Yo le dije al ilustre Agamenón:

-Zeus siempre persiguió con un odio implacable a la raza de los atridas a causa de la perfidia de sus esposas. ¡Cuántos héroes murieron por Helena! Y Clitemnestra preparó siniestras celadas mientras estabas ausente. 

Y Agamenón replicó:

-Ulises; no te dejes gobernar por tu esposa y no le confíes los secretos que posees. Hay cosas que se deben decir y otras que se deben callar. Noble héroe, tú no recibirás la muerte de manos de la que compartió tu lecho, pues la hija de Íkaro, la virtuosa Penélope, está dotada de una rara prudencia y guarda en su alma sabios pensamientos. La dejamos, todavía como una joven esposa, cuando salimos hacia Ilión, alimentando a su hijo con su seno. Telémaco, joven todavía, aún permanece entre los hombres. Su padre, cuando vuelva, pronto verá a su feliz hijo, y él recibirá a su padre como lo exigen las buenas costumbres. Pero yo, no he podido contemplar a mi hijo bienamado, pues Clitemnestra me mató antes de que pudiera verlo. Ulises, graba bien en tu corazón las palabras que te voy a dirigir. Desembarca en tu patria en secreto, porque no hay que confiar en las mujeres.

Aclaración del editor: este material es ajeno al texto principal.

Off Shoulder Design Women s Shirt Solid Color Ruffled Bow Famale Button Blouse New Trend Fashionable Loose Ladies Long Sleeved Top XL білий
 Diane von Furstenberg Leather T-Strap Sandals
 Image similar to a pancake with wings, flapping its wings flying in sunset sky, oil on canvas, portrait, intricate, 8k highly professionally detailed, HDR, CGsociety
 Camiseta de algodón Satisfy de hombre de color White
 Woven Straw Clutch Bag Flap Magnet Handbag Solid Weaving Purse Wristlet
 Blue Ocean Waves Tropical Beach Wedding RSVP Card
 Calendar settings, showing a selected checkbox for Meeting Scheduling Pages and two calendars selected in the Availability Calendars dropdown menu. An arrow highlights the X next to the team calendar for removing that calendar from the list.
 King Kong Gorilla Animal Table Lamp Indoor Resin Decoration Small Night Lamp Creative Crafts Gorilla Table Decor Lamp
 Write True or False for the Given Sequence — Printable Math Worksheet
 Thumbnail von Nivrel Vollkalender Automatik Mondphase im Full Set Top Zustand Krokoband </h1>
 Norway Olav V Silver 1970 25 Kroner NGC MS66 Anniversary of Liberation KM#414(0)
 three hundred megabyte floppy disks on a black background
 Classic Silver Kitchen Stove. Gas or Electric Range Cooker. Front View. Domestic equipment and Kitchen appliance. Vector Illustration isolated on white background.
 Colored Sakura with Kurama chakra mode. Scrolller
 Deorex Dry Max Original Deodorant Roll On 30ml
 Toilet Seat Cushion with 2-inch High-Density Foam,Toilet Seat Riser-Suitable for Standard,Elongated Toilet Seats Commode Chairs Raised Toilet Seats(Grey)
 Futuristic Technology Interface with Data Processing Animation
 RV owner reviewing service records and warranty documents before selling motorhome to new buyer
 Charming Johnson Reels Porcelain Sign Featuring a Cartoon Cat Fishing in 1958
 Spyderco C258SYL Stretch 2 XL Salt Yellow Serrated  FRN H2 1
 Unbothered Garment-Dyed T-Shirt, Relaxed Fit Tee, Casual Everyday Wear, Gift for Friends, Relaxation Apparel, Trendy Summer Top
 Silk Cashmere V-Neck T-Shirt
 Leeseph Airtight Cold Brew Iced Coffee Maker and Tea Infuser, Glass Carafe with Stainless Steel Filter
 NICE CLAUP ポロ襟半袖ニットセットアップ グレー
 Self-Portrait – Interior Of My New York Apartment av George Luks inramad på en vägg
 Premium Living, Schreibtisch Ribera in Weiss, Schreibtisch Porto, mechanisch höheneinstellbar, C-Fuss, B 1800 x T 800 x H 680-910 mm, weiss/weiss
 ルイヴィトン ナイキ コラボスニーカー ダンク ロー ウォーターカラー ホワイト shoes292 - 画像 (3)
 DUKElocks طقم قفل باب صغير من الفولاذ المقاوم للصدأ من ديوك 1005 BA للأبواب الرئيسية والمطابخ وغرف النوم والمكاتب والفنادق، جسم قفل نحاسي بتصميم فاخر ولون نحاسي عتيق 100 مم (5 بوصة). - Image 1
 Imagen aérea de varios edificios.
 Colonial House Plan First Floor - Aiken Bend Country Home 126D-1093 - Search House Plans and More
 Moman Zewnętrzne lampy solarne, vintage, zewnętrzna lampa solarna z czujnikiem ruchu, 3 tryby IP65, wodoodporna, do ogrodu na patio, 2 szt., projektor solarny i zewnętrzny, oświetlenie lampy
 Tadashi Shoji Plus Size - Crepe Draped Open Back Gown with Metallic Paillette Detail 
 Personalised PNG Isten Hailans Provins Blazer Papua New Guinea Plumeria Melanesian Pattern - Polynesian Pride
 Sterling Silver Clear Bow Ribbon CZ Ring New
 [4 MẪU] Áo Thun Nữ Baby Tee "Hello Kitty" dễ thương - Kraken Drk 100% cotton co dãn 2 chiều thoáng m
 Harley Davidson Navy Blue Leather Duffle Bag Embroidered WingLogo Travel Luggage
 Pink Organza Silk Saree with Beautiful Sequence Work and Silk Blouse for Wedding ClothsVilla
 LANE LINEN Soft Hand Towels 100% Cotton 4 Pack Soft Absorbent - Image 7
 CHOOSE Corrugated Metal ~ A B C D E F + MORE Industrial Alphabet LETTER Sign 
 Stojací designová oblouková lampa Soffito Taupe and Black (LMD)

Dime ahora con sinceridad si mi hijo vive todavía; si está en el Orcómeno o en la arenosa Pilos, junto a Meneláo, o bien si reside en la vasta Lacedemonia, pues sin duda, mi hijo, el divino Orestes, no ha muerto y continúa sobre la fértil tierra.

-Atrida –le dije-, ¿por qué me preguntas? Ignoro si tu hijo vive o ha muerto, y no puedo contestarte, porque no debo, como sabes, proferir palabras vanas.

Tras habernos entregado ambos a esta dolorosa conversación, quedamos abrumados de tristeza y derramamos abundantes lágrimas. 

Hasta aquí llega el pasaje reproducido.